## Report Generation
This notebook serves as continuation of earlier notebooks (i.e. [Article Classifier](./News%20Classifier/FYP%20Article%20Classification%20Codes.ipynb) and [3D Plot Visualization](./3D%20Plotting%20and%20Visualization/3D%20Plot%20Visualization.ipynb))  

It takes in the resultant csv from the 3D Plot Visualization, reads one row and generate the report one at a time.
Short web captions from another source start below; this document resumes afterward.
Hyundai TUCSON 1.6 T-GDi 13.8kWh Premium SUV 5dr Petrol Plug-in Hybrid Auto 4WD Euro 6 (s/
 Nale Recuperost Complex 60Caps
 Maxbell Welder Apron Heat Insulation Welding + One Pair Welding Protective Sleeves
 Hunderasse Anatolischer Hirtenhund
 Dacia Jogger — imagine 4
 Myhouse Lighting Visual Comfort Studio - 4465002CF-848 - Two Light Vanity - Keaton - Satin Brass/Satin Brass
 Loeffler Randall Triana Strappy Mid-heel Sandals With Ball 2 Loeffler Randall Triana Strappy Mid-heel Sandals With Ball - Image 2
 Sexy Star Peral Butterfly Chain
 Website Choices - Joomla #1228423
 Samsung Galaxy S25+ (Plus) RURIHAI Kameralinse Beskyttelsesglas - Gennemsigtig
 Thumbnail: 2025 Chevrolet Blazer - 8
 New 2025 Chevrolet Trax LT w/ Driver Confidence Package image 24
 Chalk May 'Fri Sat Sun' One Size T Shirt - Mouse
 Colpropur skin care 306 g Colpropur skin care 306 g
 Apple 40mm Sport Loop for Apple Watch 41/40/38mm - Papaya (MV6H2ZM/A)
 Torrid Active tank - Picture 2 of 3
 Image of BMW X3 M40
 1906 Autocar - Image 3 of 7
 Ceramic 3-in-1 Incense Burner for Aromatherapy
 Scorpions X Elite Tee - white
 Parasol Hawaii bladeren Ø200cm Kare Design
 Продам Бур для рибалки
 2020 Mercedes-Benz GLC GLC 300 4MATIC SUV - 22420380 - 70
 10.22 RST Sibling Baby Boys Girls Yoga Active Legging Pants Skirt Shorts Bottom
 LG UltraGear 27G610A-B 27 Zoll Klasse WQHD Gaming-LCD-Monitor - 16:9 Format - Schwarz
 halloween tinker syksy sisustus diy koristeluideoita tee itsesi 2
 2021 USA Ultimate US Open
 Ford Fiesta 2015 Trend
### Import Necessary Libraries
Spacy was used for its Named Entity Recognition (NER) text processing in reporting the content summary.  
Requests was used in making HTTP requests to Nominatim in retrieving longitude and latitude data for the countries identified.  
Termcolor was used in styling the report generated, aiding our stakeholders in gaining quick insights.  
Ipyleaflet was used in generating the interactive map as part of the report generated.

In [1]:
import pandas as pd
import numpy as np
import re
import copy

import spacy
from spacy import displacy

# !pip3 install requests
import requests

# !pip install termcolor
from termcolor import colored

# !pip install ipyleaflet
# !jupyter nbextension enable --py --sys-prefix ipyleaflet
from ipyleaflet import Map, Marker, AwesomeIcon, CircleMarker, LayerGroup, LegendControl

#### Creating a function to identify the stage of supply chain that is affected by the trigger event
The current list of words relating to each stage of the supply chain is with reference to Professor Paul Teng's framework that outlines the food supply chain. This list is non-exhaustive and should be expanded, to improve the robustness of our model, with advices from food supply chain experts.

In [2]:
def identify_supply_chain(artcl):
    supply_chain = {
        "Input Supplier" : ["seed", "fertiliser", "crop protection", "animal health", "farm machinery", "irrigation"],
        "Grower/Producer" : ["farmer", "grower", "animal raiser"],
        "Processor" : ["packaging products provider", "cannery", "dressing plant", "mill", "slaughter house", "packing plant"],
        "Distributor" : ["wholesaler", "importer", "exporter", "logistics provider"],
        "Retailer" : ["supermarket", "restaurant", "convenience store"]
    }
    
    stage_of_supply_chain = []
    
    for k,v in supply_chain.items():
        for keyword in v:
            search_term = "r'\b"+keyword+"\b"
            if (re.search(search_term, artcl) is not None):
                stage_of_supply_chain.append(k)
    unique_stages = np.array(stage_of_supply_chain)
    
    if len(stage_of_supply_chain) == 0:
        return "N/A"
    else: 
        return np.unique(unique_stages)

#### Function to display the interactive map:
1. To obtain all of the countries mentioned in the content summary
2. For all of these countries, get their longtitude and latitude data
3. Instantiate the map object, with markers corresponding to each of the countries

In [3]:
def displayMap(doc): # takes in the NER processed text!
    # get all countries mentioned
    countries = {}
    for word in doc.ents:
        if word.label_ == "GPE" and word.text not in countries:
            countries[word.text] = []
#     print(countries)
    
    copy_of_countries = copy.deepcopy(countries)
    # get all longitude and latitude of countries mentioned
    for country,center in countries.items():
        try: 
            url = f"http://nominatim.openstreetmap.org/search?country={country}&format=json&polygon=0"
            response = requests.get(url).json()[0]
            copy_of_countries[country] = [response['lat'], response['lon']]
        except IndexError:
            copy_of_countries.pop(country)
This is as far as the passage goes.